== Segment start ==

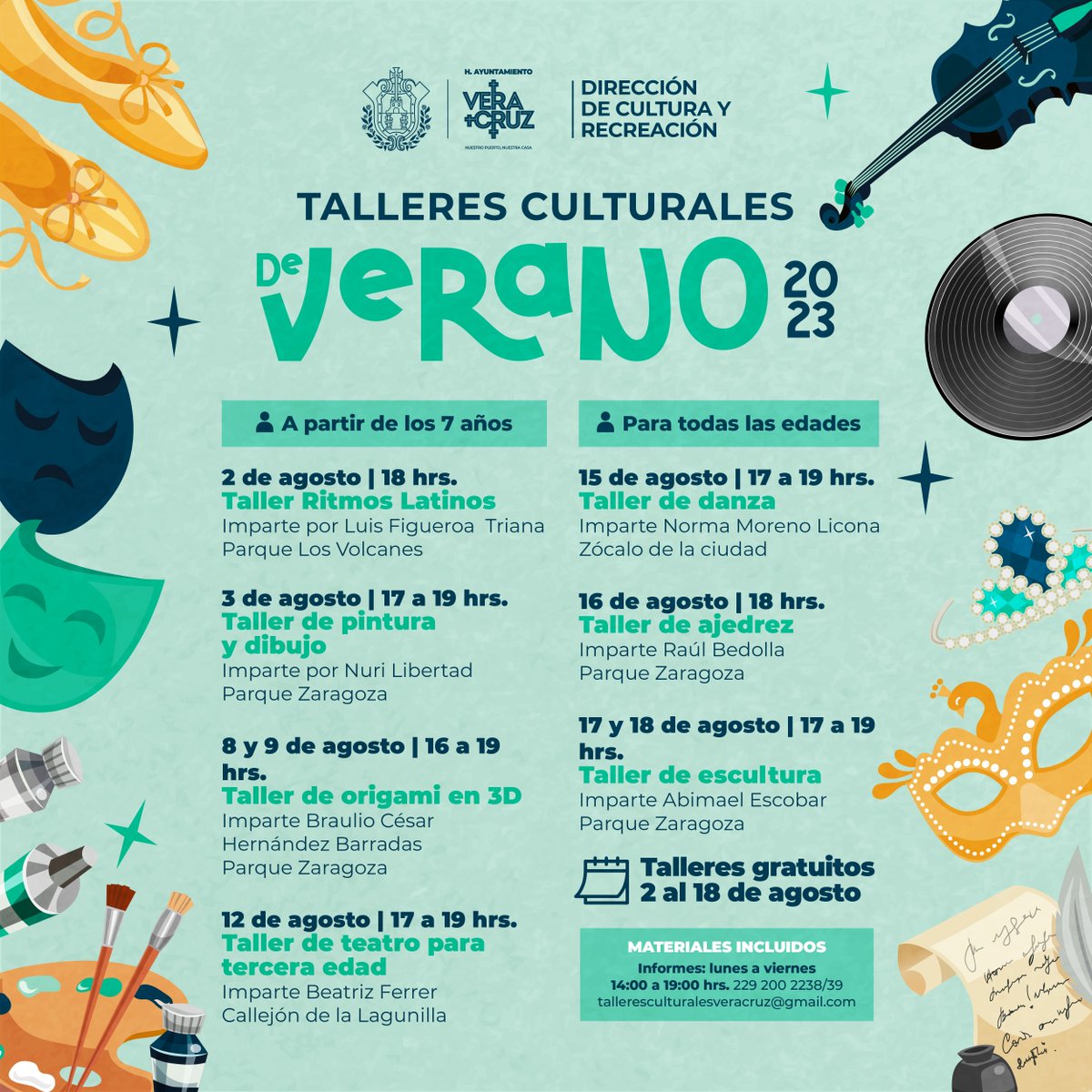 H. Ayuntamiento de Veracruz tweet media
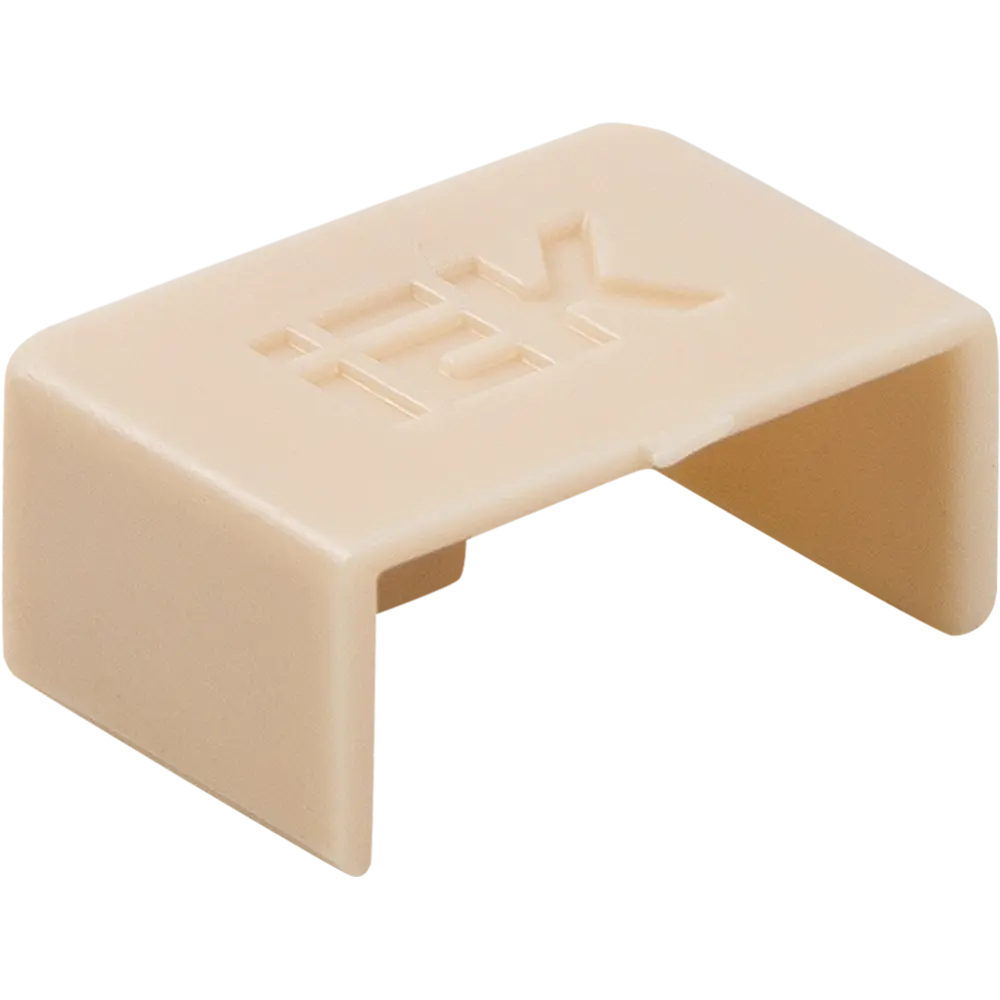 82411213 Заглушка для кабель-канала IEK 15x10 мм цвет сосна 4 шт. STLM-0026910 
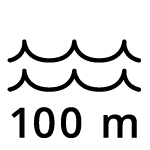 HIRSCH 100 m Water-Resistant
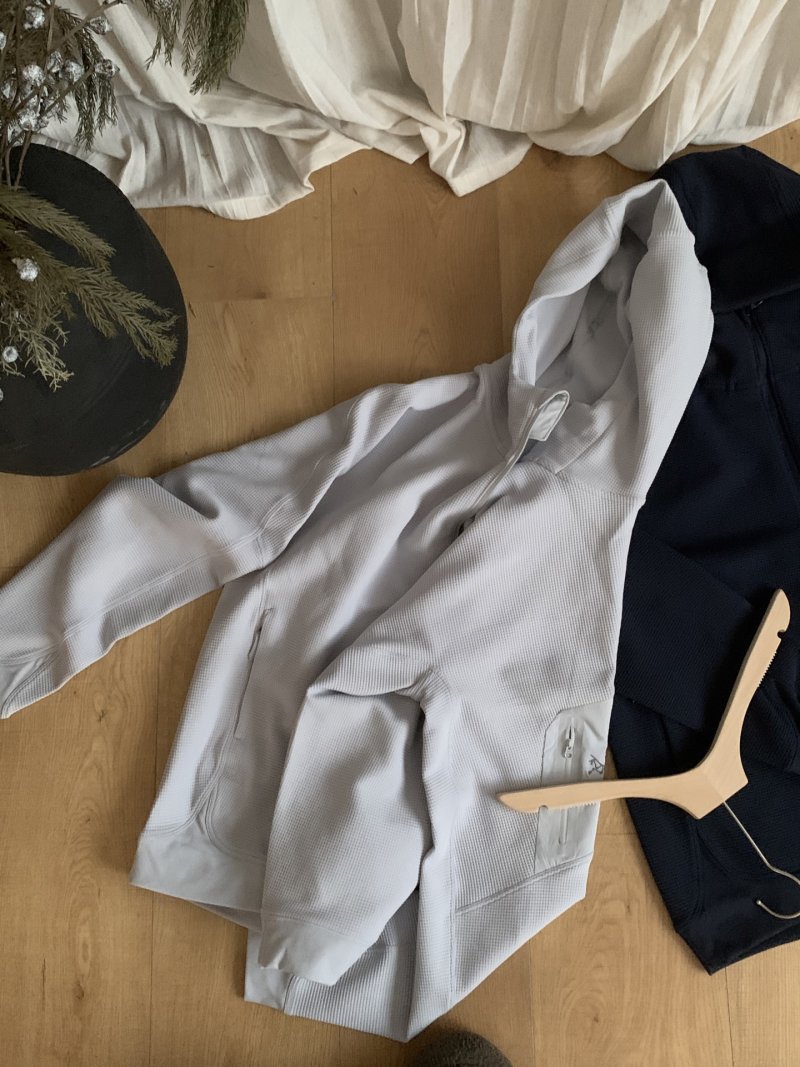 Stone Island White Windbreaker Jacket view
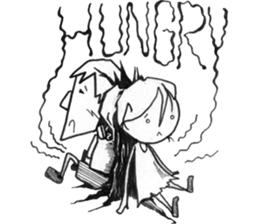 Once upon the time... sticker #10397755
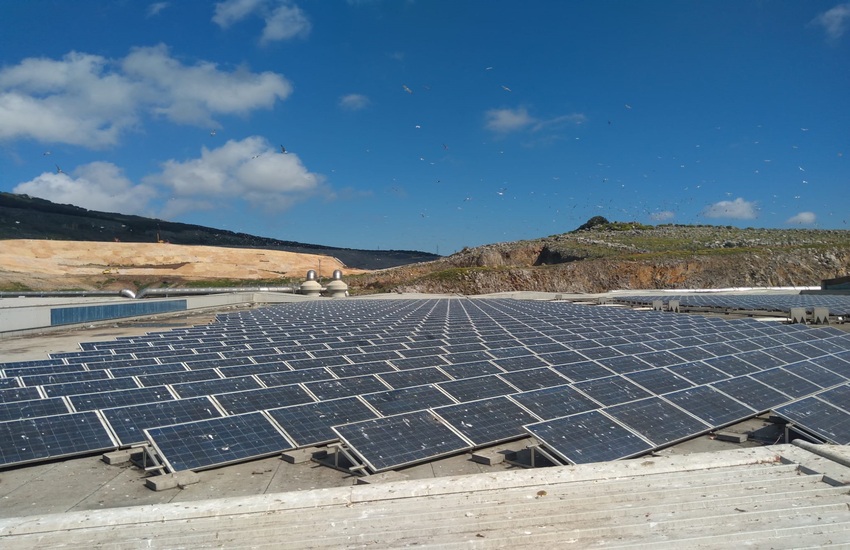 Palermo, la discarica di Bellolampo diventa “green” con il fotovoltaico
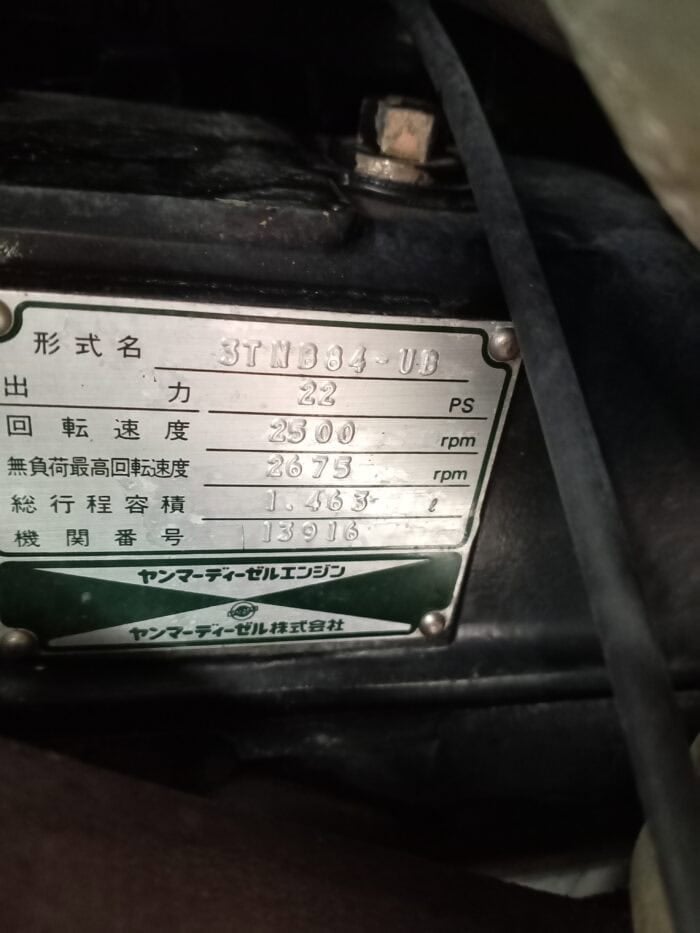 Yanmar F22D 4WD traktori, 25 hp - Image 20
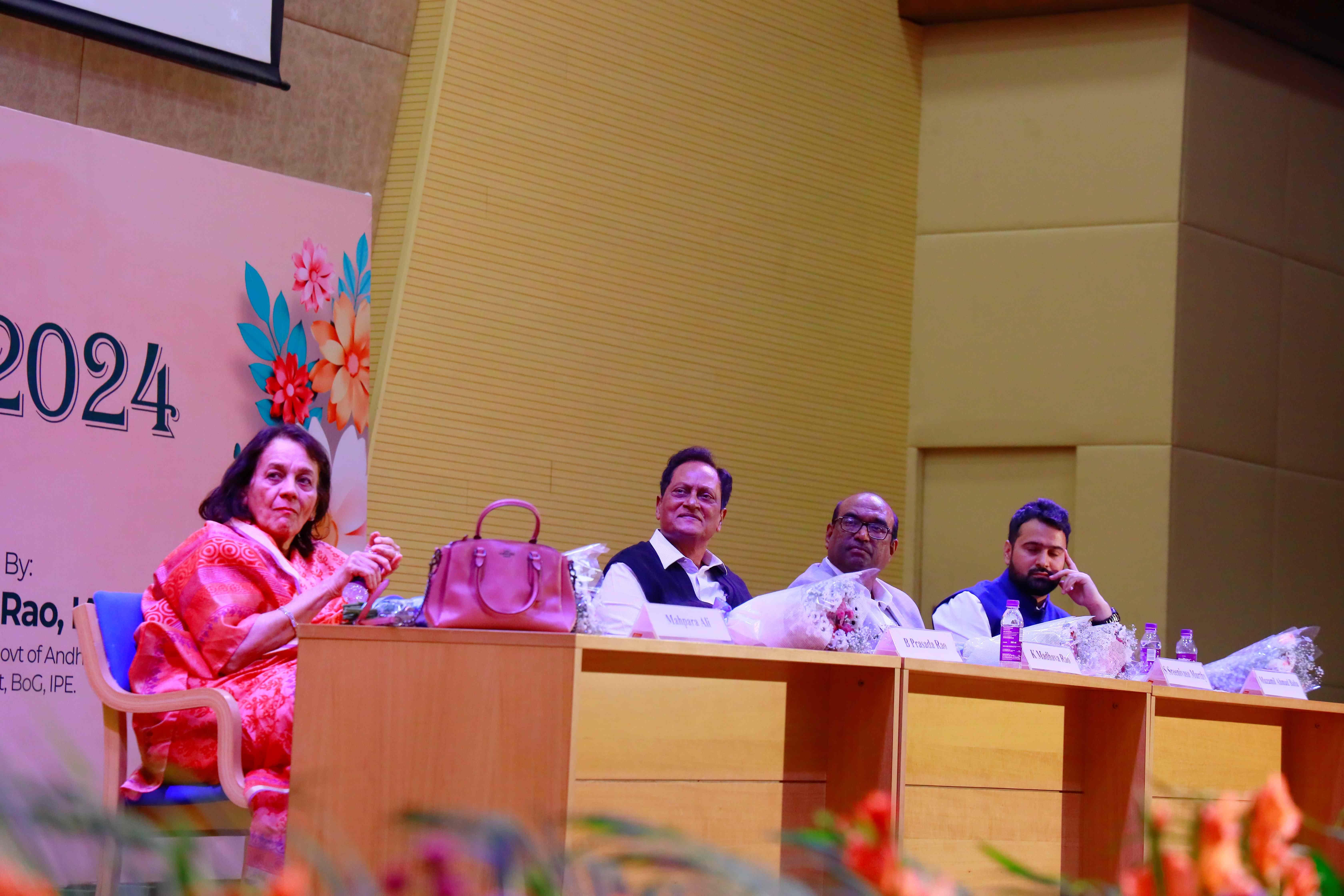 IPE Hyderabad IPE ALUMNI MEET 2024 photo 1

== Segment end ==

Pictures do not belong in the copy. Repeat exactly each line from the one with "Palermo, la discarica" through the end of the listing.

_COMPLETED EXERCISE_
 Palermo, la discarica di Bellolampo diventa “green” con il fotovoltaico
 Yanmar F22D 4WD traktori, 25 hp - Image 20
 IPE Hyderabad IPE ALUMNI MEET 2024 photo 1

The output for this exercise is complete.